# Extracted entries
---*---

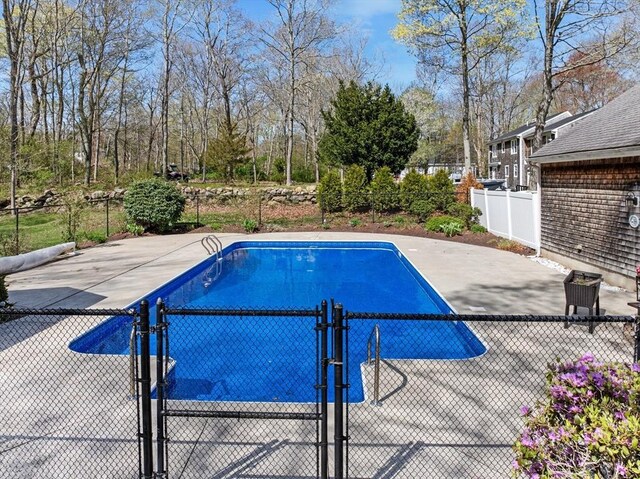 view of pool featuring fence, a gate, and a fenced in pool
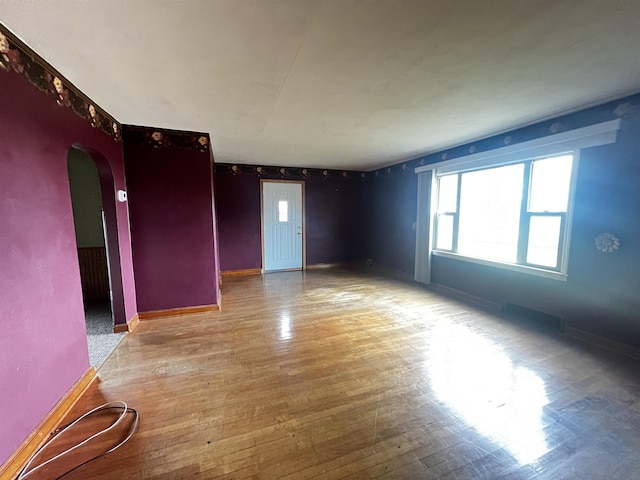 unfurnished room featuring arched walkways, baseboards, and wood finished floors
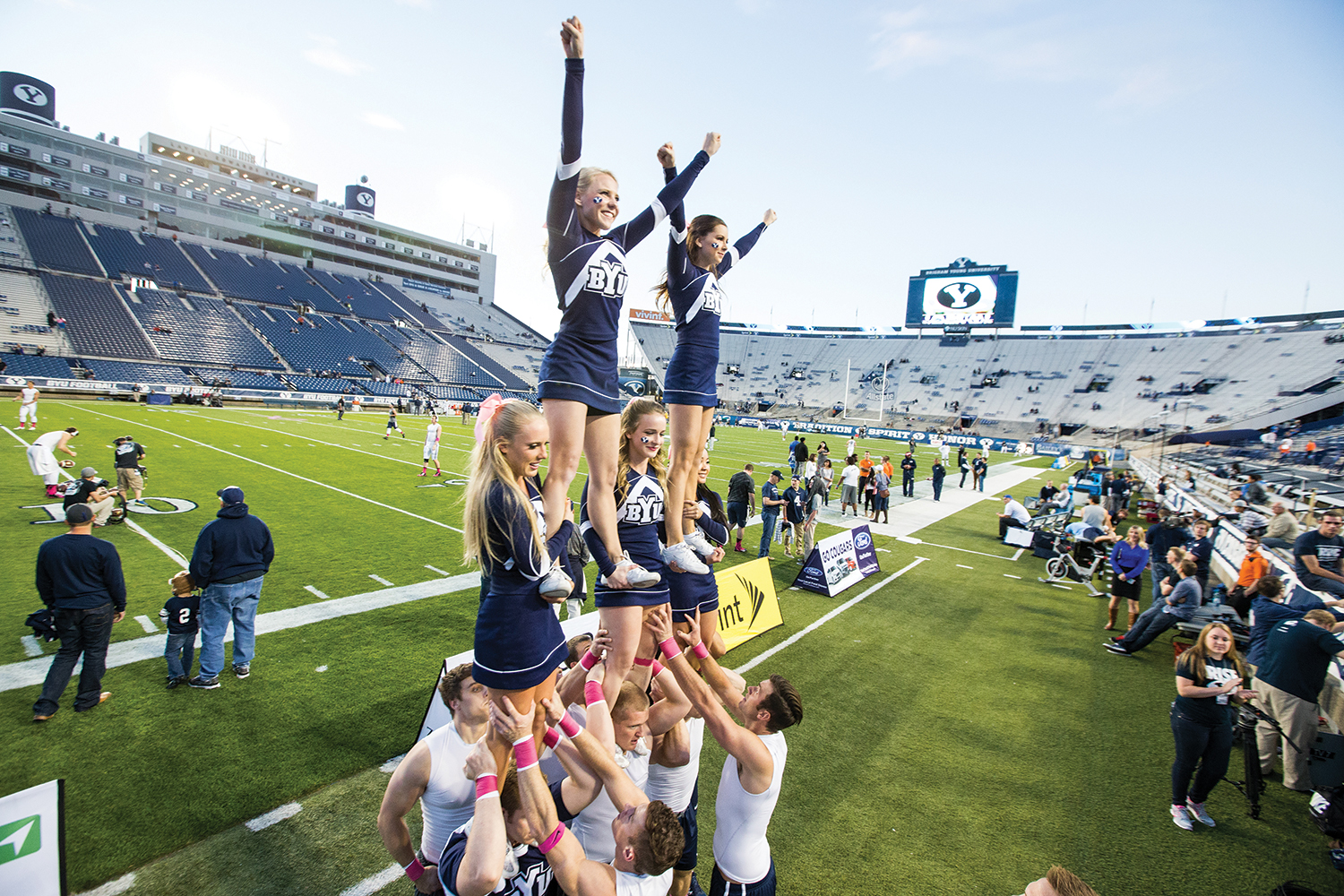 BYU cheerleaders entertain fans by forming a pyramid.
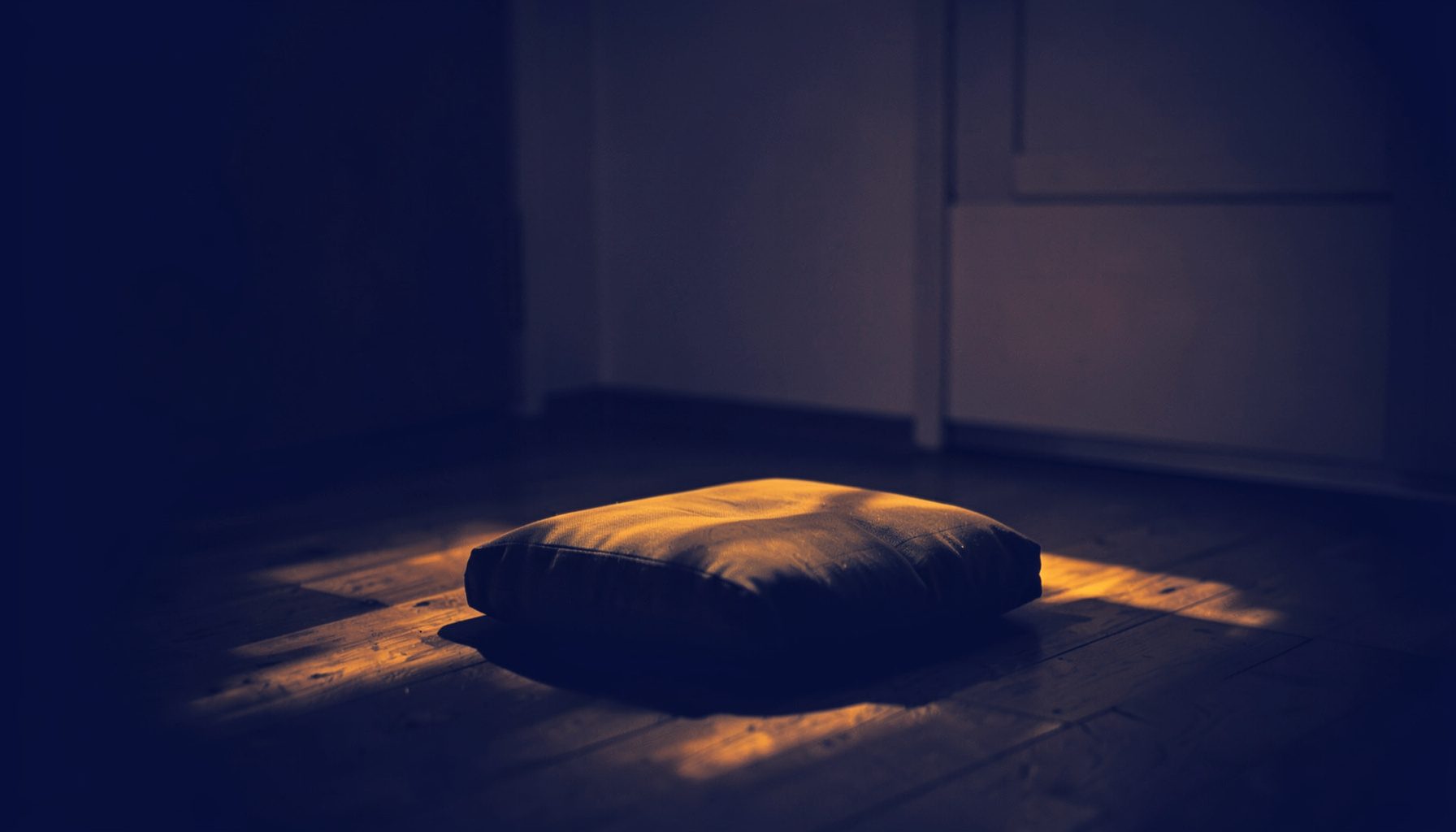 Soft duotone photograph in deep indigo and warm amber tones, showing a dimly lit meditation space with a simple cushion on a wooden floor, gentle candlelight casting long shadows across the room, evoking calm introspection.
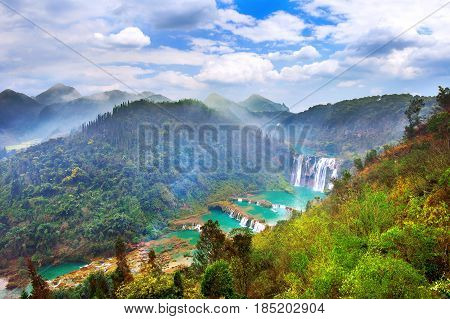 Jiulong Waterfall At Sunset In Luoping, China.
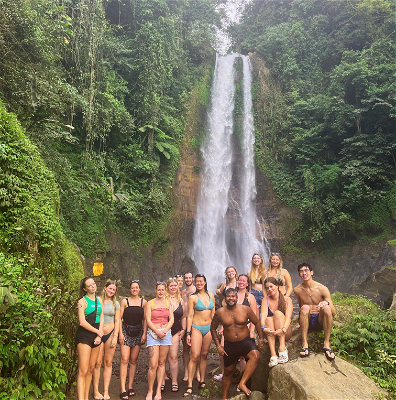 Group of travellers smiling under a waterfall in Lovina.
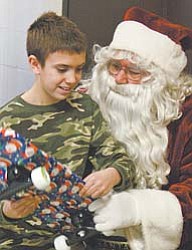 Jacob Burkett, 10, of East Canton, visits Santa at the party for family members of deployed Army National
Guard soldiers in Lordstown.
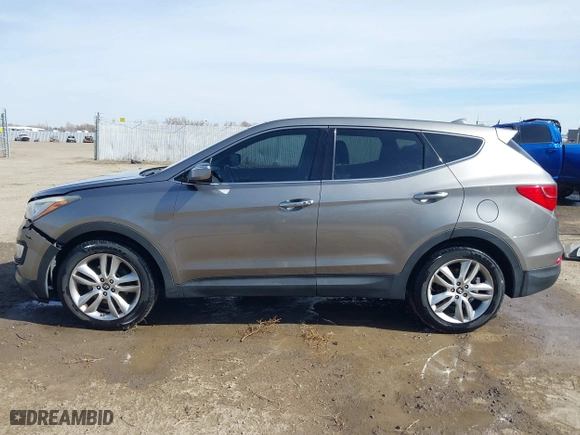 2013 Hyundai Santa Fe 2.0T Sport with VIN 5XYZWDLA1DG003779, listed as a IAAI auction lot 41761431 with 127,895 mi miles. Bid and sale history available at carsss.com. Image 14.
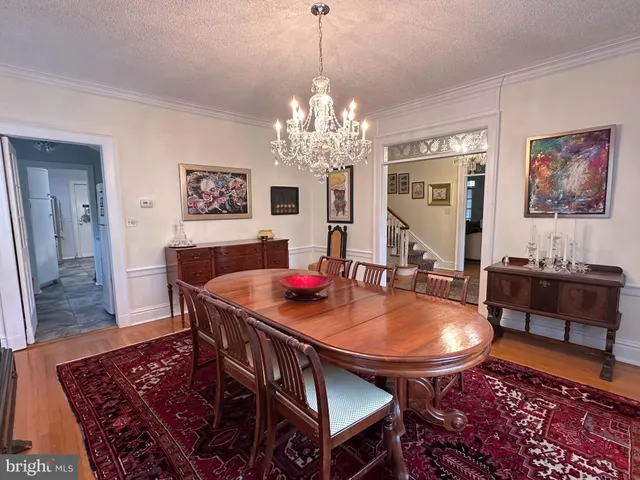 a dining room with furniture a rug and a chandelier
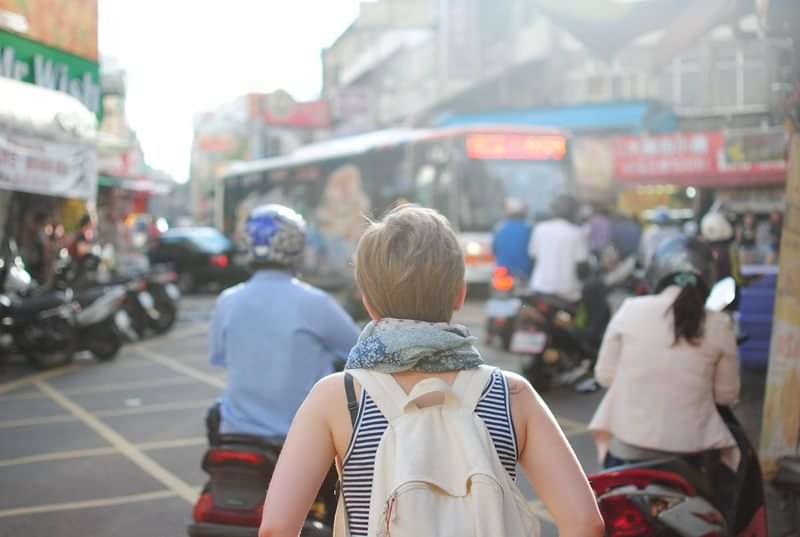 Een reiziger verkent een drukke stad, veel scooters en mensen.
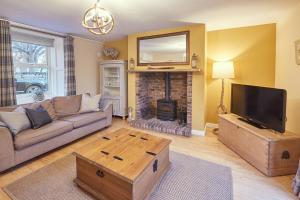 a living room with a couch and a fireplace at Church Cottage by Coast & Country Stays in Beadnell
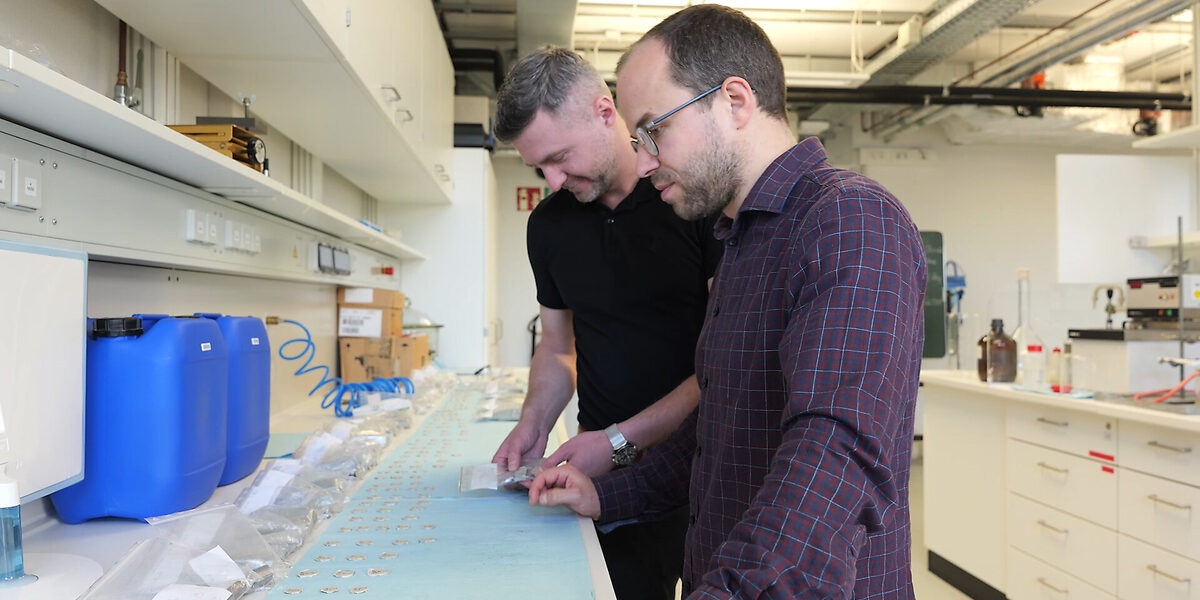 Zwei Personen stehen in einem Labor und untersuchen Proben.
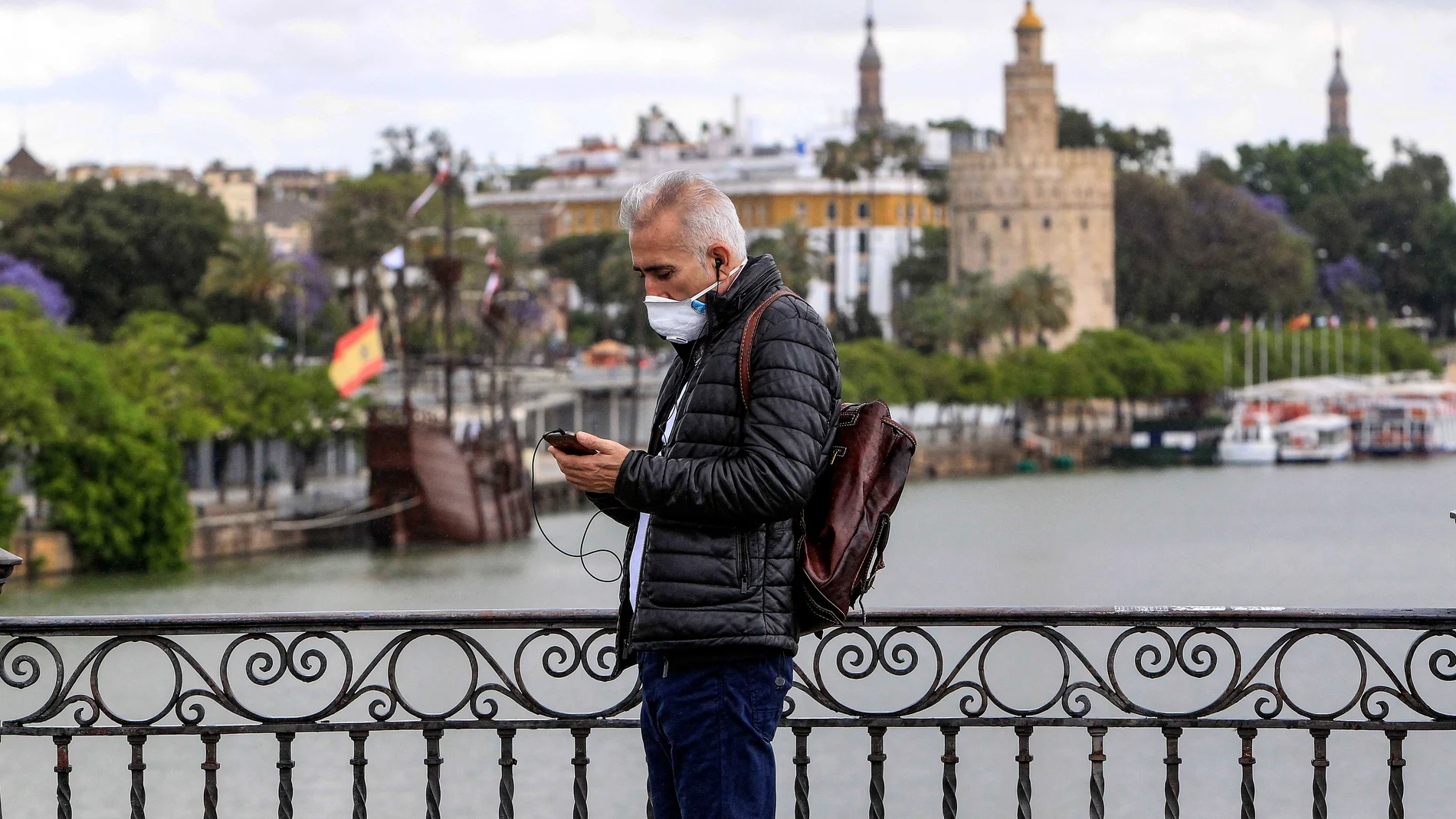 Un transeúnte por el puente de Triana en Sevilla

---*---

Give back exactly the lines from the line with "BYU cheerleaders entertain" through the final line of the entries above, and keep pictures out of the copy.

# Written answer
 BYU cheerleaders entertain fans by forming a pyramid.
 Soft duotone photograph in deep indigo and warm amber tones, showing a dimly lit meditation space with a simple cushion on a wooden floor, gentle candlelight casting long shadows across the room, evoking calm introspection.
 Jiulong Waterfall At Sunset In Luoping, China.
 Group of travellers smiling under a waterfall in Lovina.
 Jacob Burkett, 10, of East Canton, visits Santa at the party for family members of deployed Army National
Guard soldiers in Lordstown.
 2013 Hyundai Santa Fe 2.0T Sport with VIN 5XYZWDLA1DG003779, listed as a IAAI auction lot 41761431 with 127,895 mi miles. Bid and sale history available at carsss.com. Image 14.
 a dining room with furniture a rug and a chandelier
 Een reiziger verkent een drukke stad, veel scooters en mensen.
 a living room with a couch and a fireplace at Church Cottage by Coast & Country Stays in Beadnell
 Zwei Personen stehen in einem Labor und untersuchen Proben.
 Un transeúnte por el puente de Triana en Sevilla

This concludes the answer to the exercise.